The legend* has altered in the retelling, from a slip found in Robert E. Howard's wallet after his suicide in June 1936, to it being the last thing Howard typed on his typewriter before going out to his car where he shot himself in the head. The couplet is now legendary:
All fled, all done, so lift me on the pyre;
The feast is over and the lamps expire.
Rusty Burke published an article "All Fled, All Done" in The Dark Man: The Journal of Robert E. Howard Studies (Winter 2001), in which he identified Howard's source for the final line of the couplet, a poem titled "The House of Cæsar" by Viola Garvin, which appeared in a poetry anthology Songs of Adventure (1926), edited by Robert Frothingham.  Each of the five stanzas of the poem ends with the line "The Feast is over and the lamps expire!"

Songs of Adventure 1928
Burke also notes that L. Sprague de Camp's assertion in 1966 that the second line of the couplet "seems to be a paraphrase" of a line in the poem "Non Sum Qualis Eram Bonae Sub Regno Cynarae" by Ernest Dowson became a statement of fact in de Camp's 1975 The Miscast Barbarian. However, Burke notes that others have thought that Howard would not have found many affinities in Dowson's verse, despite the repetition of the line "the feast is over and the lamps expire." 

Burke also looked into the author Viola Garvin, and found two candidates, Viola Gerard Garvin and Viola (Taylor) Garvin.  Burke suggests the first as the author of the poem "The House of Cæsar" for Viola Gerard Garvin published a single volume of verse, Dedication (1928).  Alas, Burke picked the wrong Garvin.

Viola Gerard Garvin (1898-1969) and Viola (Taylor) Garvin (1883-1959) were related by marriage.  Viola Gerard Garvin was the eldest daughter of James Louis Garvin (1868-1947), famous as a London newspaper editor, by his first wife.  And Viola Taylor was James Louis Garvin's second wife, the marriage occurring in 1921, and thus step-mother to (the adult) Viola Gerard Garvin.  The details of their lives and writings are given in entries at my Lesser-Known Writers blog. Click here for Viola Gerard Garvin, and click here for Viola (Taylor) Garvin, who after her marriage wrote as Mrs. J.L. Garvin. 

The poem "The House of Cæsar" appears in her book Corn in Egypt (1926), as the final item in the collection.  Here Mrs.

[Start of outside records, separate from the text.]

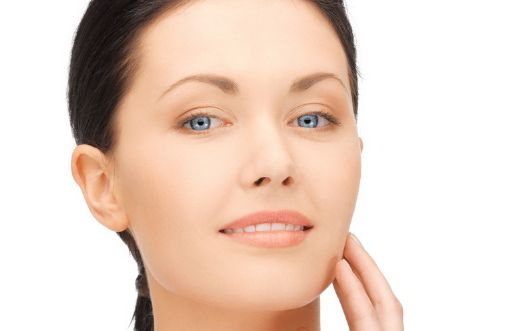 十堰最強綜合整形美容醫(yī)院排行榜發(fā)布！實力前排十佼者一覽大曝光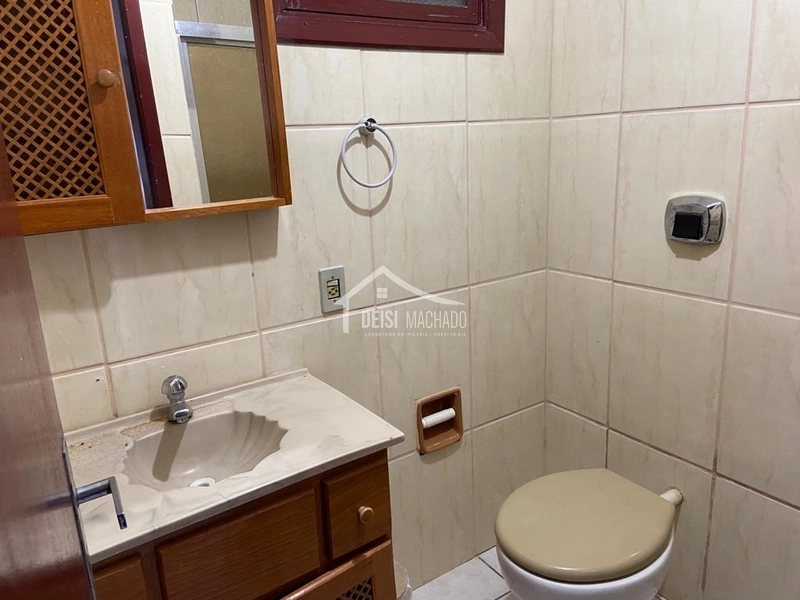 Chega mais… esse imóvel é puro charme, TÈRREO!: 14ª foto da galeria de imagens do imóvel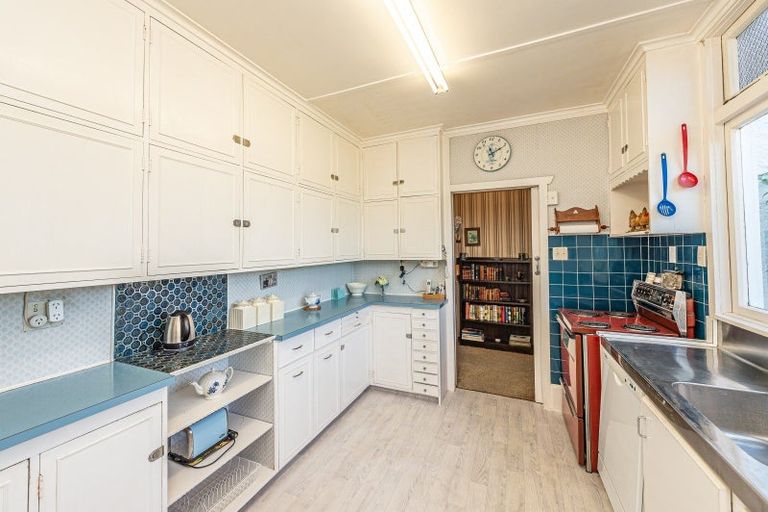 Photo of property in 171 Great North Road, Otamatea, Whanganui, 4501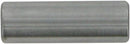 Wrist Pin For Polaris ATP 500 HO 4X4 - 23 MM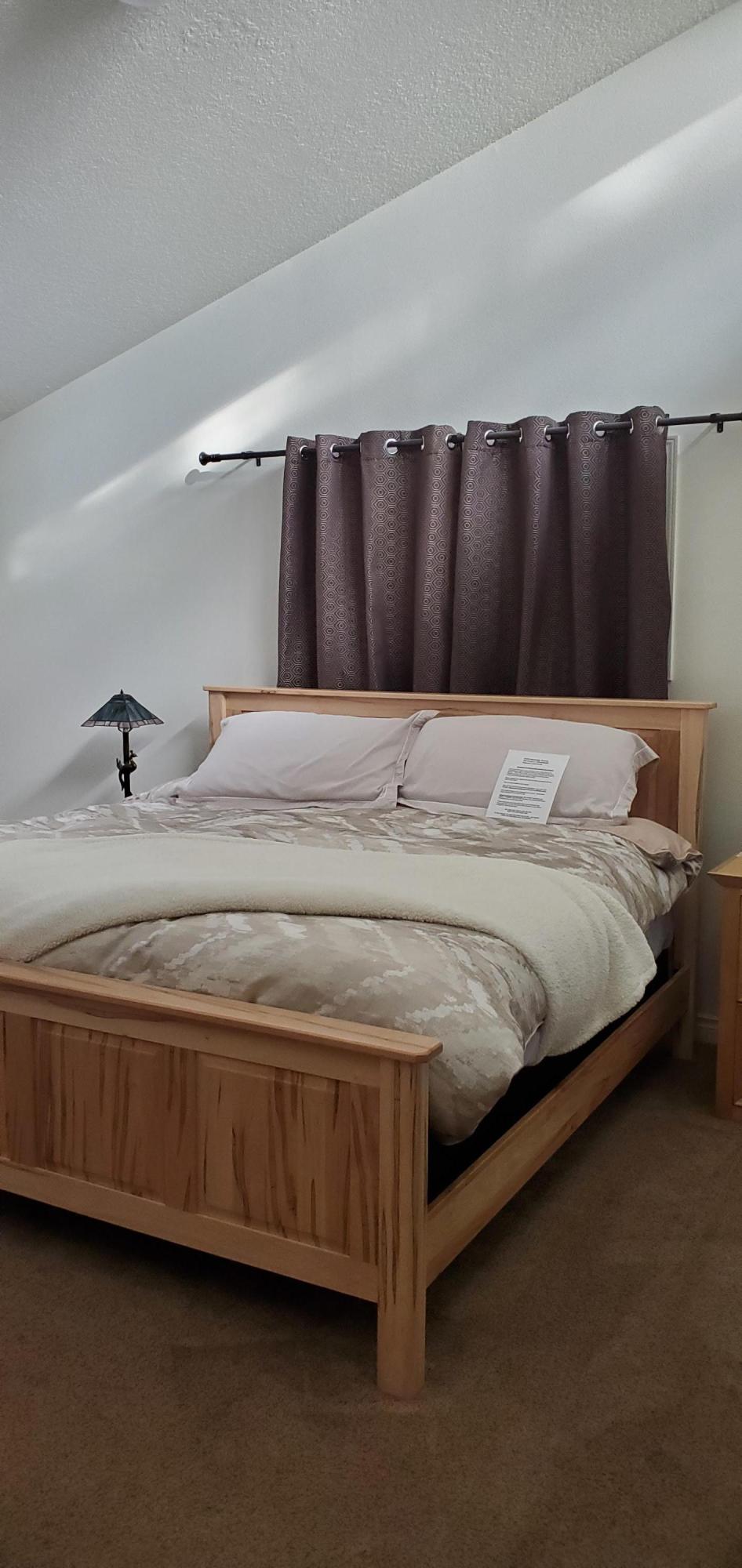 Westridge - Residential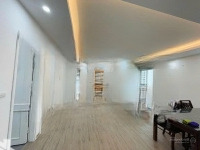 Cho Thuê Chung Cư Licogi 21 Đại Từ - Hoàng Mai, 110M, 3 Pn, Căn Góc, 3 Pn, Full ,11 Tr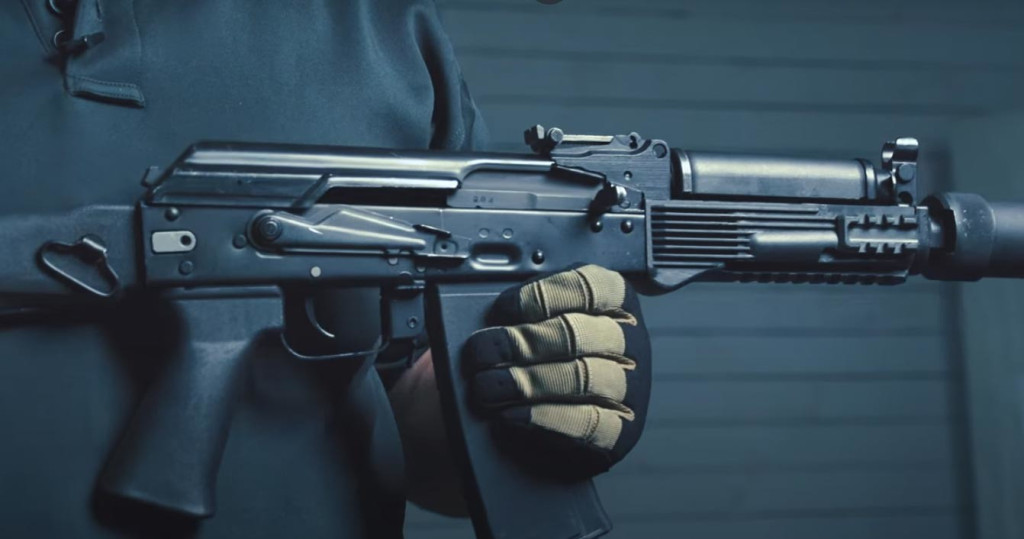 Todongkan Pistol dan Ancam Serang RS, Pria di New York Dilumpuhkan NYPD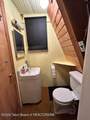 7 Jack Pine Road - Photo 21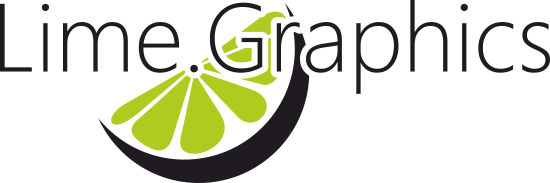 Lime Graphics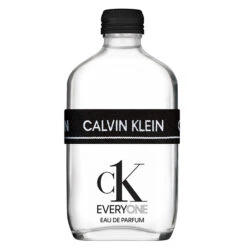 Calvin Klein CK EVERYONE EDP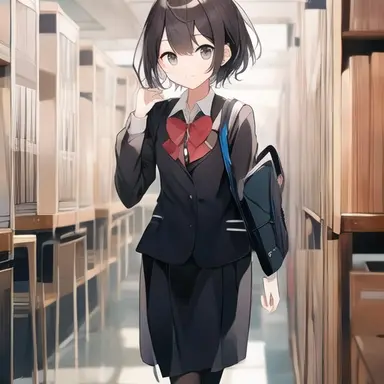 Profile image of School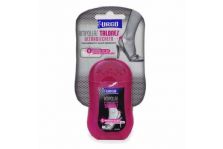 Urgo Ampollas Talones Ultra Discretos 5uds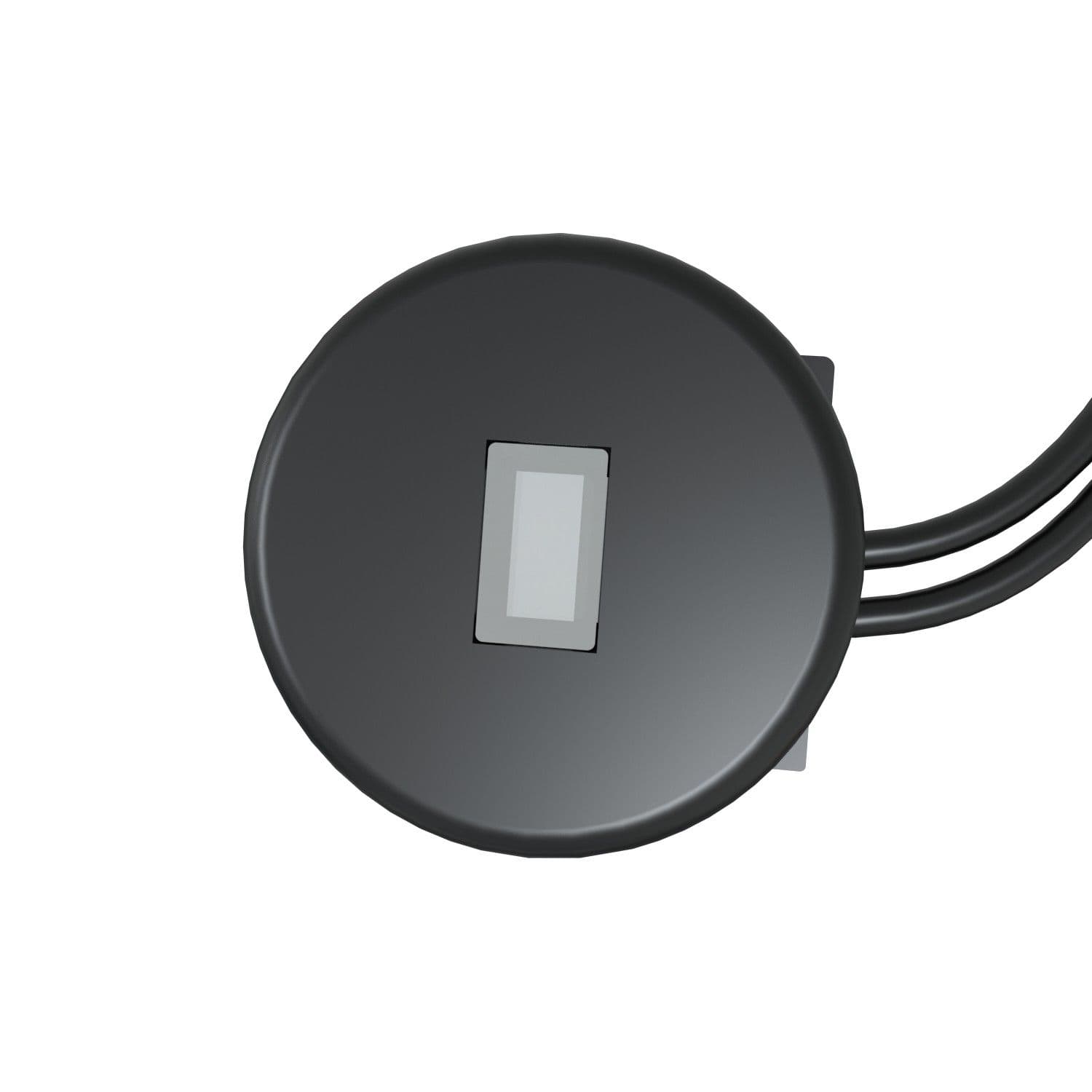 66-55057286AD - Image 3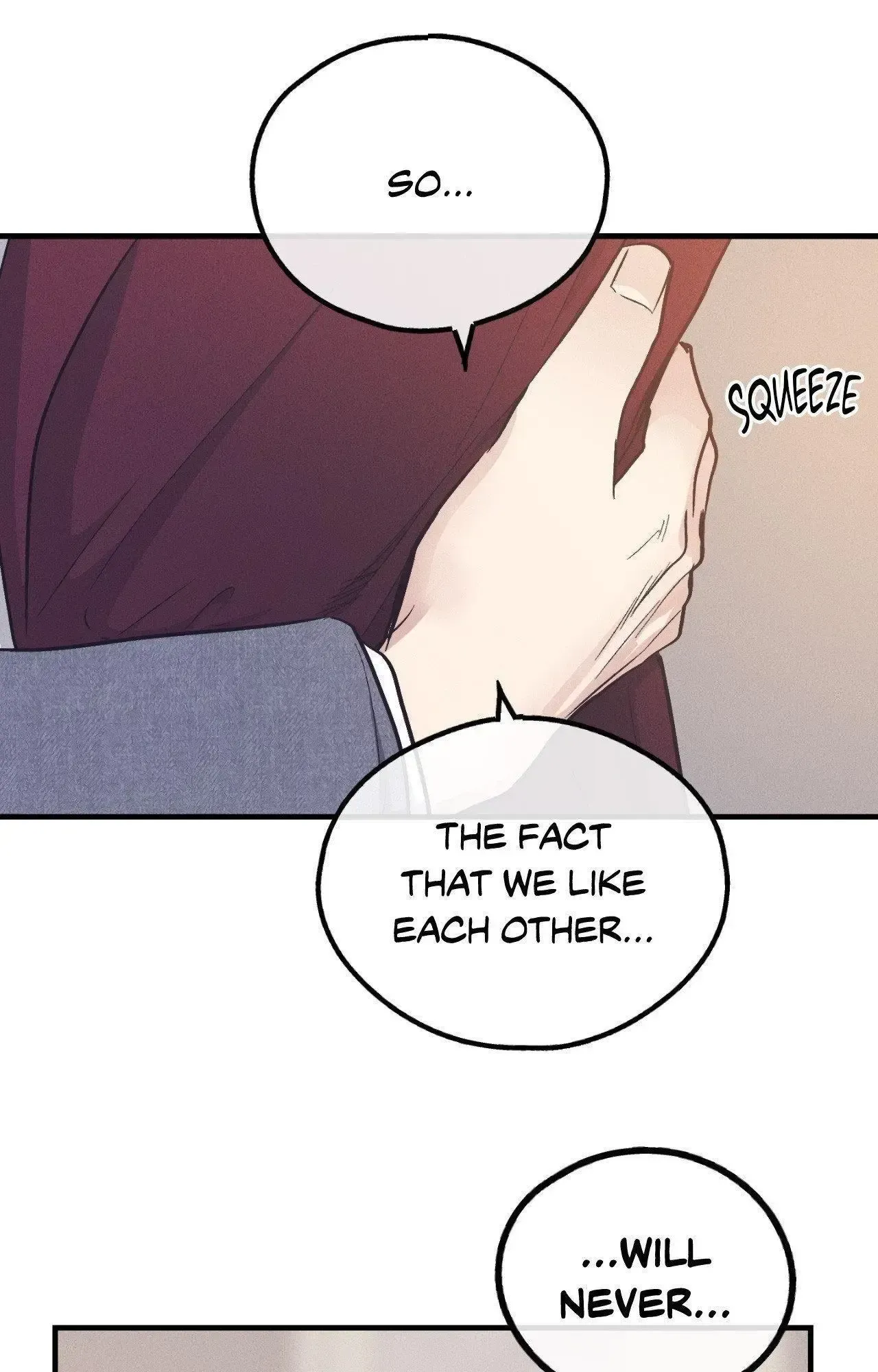 Payback chapter 108 page 75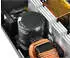 Thermaltake Germanium Pro RGB 1000W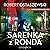 Sarenka z ronda: Podkomisar...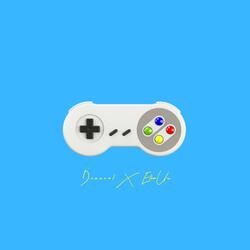 Playin' Games (feat. EthanUno)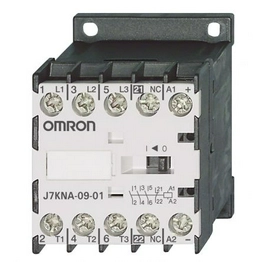 OMRON J7KNA-09-10 24 image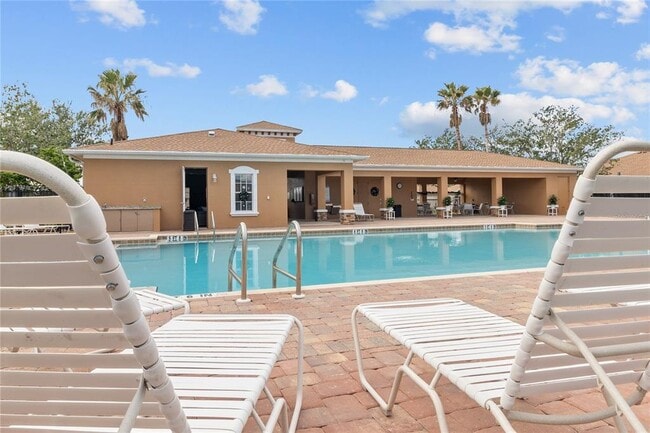 Photo - 5223 Layton Dr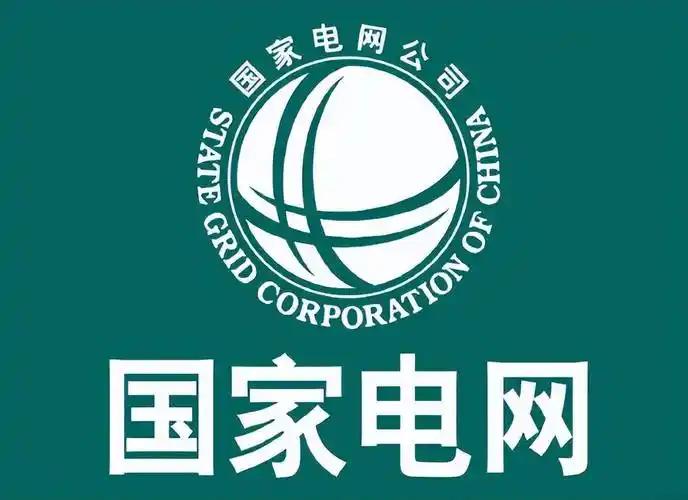 居民第一档电价十几年稳定，是国家在替百姓分摊成本。

很多人都发现，自己家里的日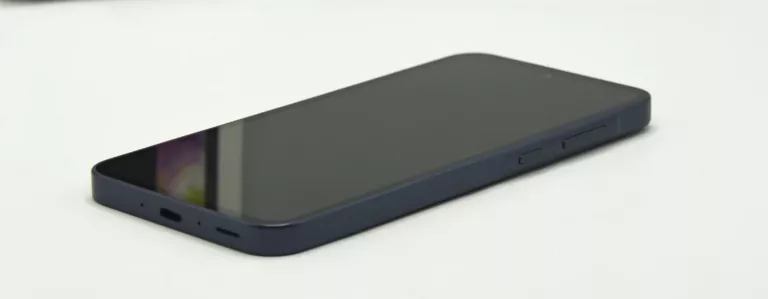 TELEFON SAMSUNG A35 5G 128GB NAVY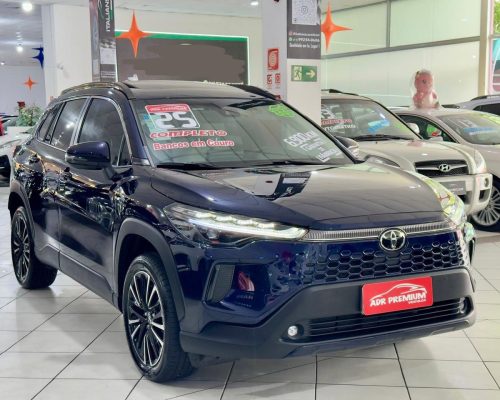 399113-toyota-corolla-cross-20251031121654993232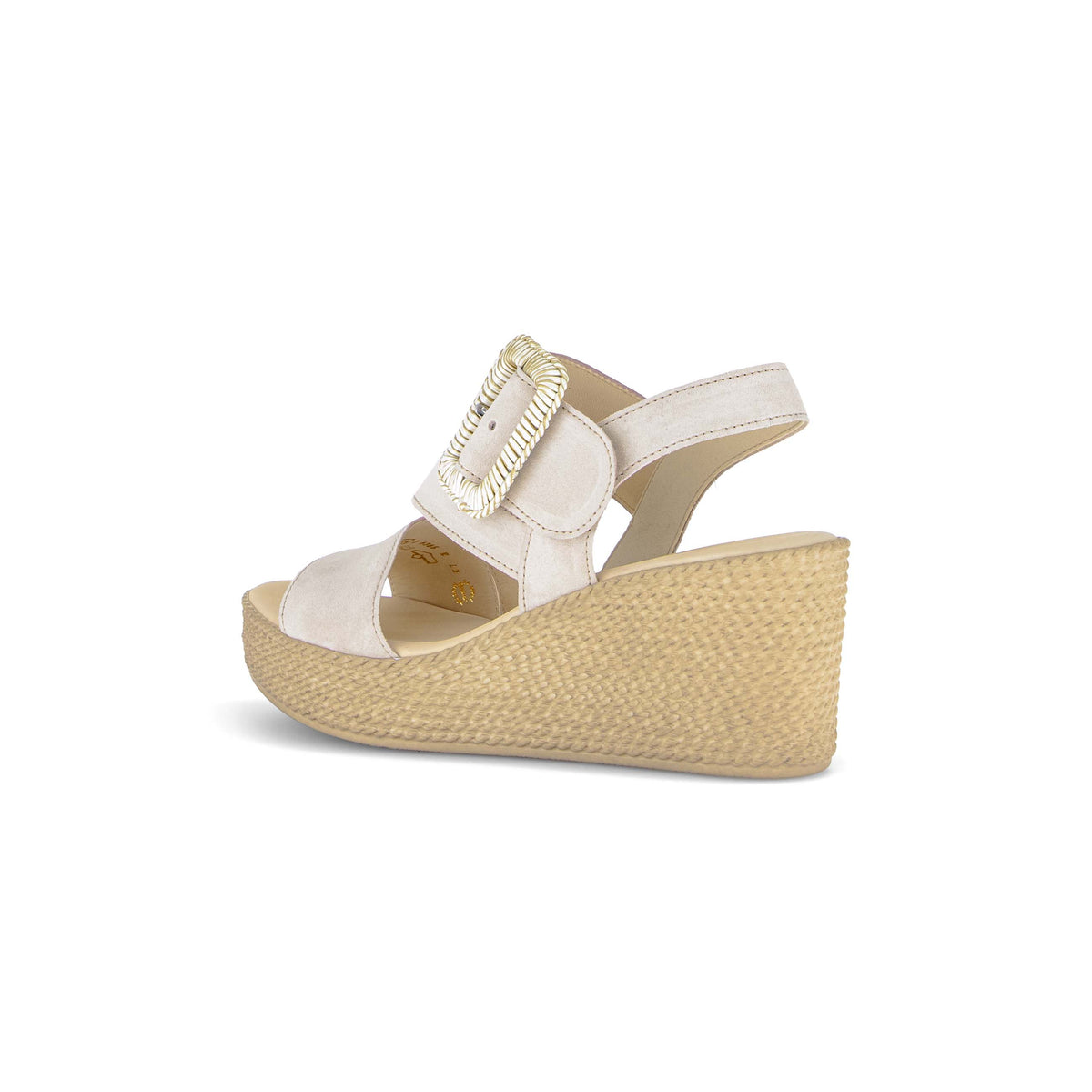 Gabor Shoes CANADA Style 84.771.12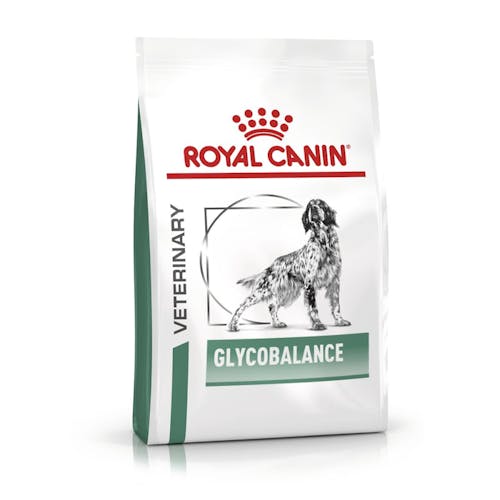 Glycobalance canine 8 kg 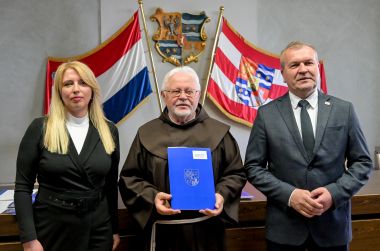 Poticaji_kultura 48.jpg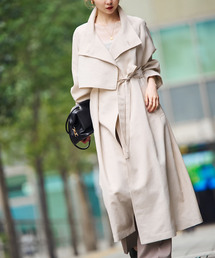 NOBLE/Coatのファッション通販 - ZOZOTOWN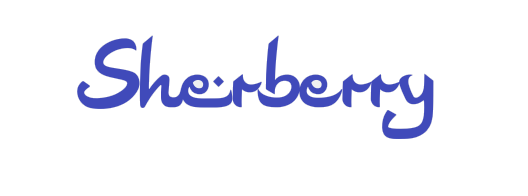 Sherberry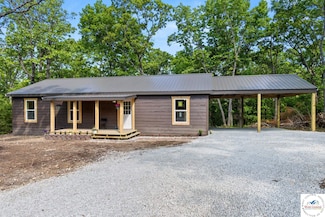 0 Gardiner Rd Unit 3960 100316, Edwards, MO 65326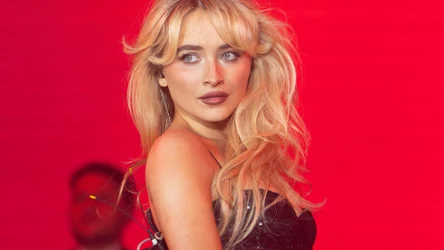 Coachella 2026: Sabrina Carpenter i Madonna razem na jednej scenie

Garvin gives the Dowson line as epigraph at the beginning of the poem, thus showing that she had the Dowson poem firmly in mind when writing her poem; and that Howard had no necessity to have known it. (The Dowson line does not appear in the reprint of the poem in Songs of Adventure.)

The appearance of  "The House of Cæsar" in Corn in Egypt is credited to "1906" and from the acknowledgements, I suspect it appeared in The Westminster Gazette. I present a scan of this version below. The earliest known reprint of the poem comes from Amphora: A Collection of Prose and Verse Chosen by the Editor of The Bibelot (1912).  I add a scan of that appearance at bottom.

Corn in Egypt 1926

Amphora 1912

*Rusty Burke has discussed the evolution of the suicide note story in "The Note" in The Cimmerian, volume 3 no. 1 (January 2006), pp. 5-11.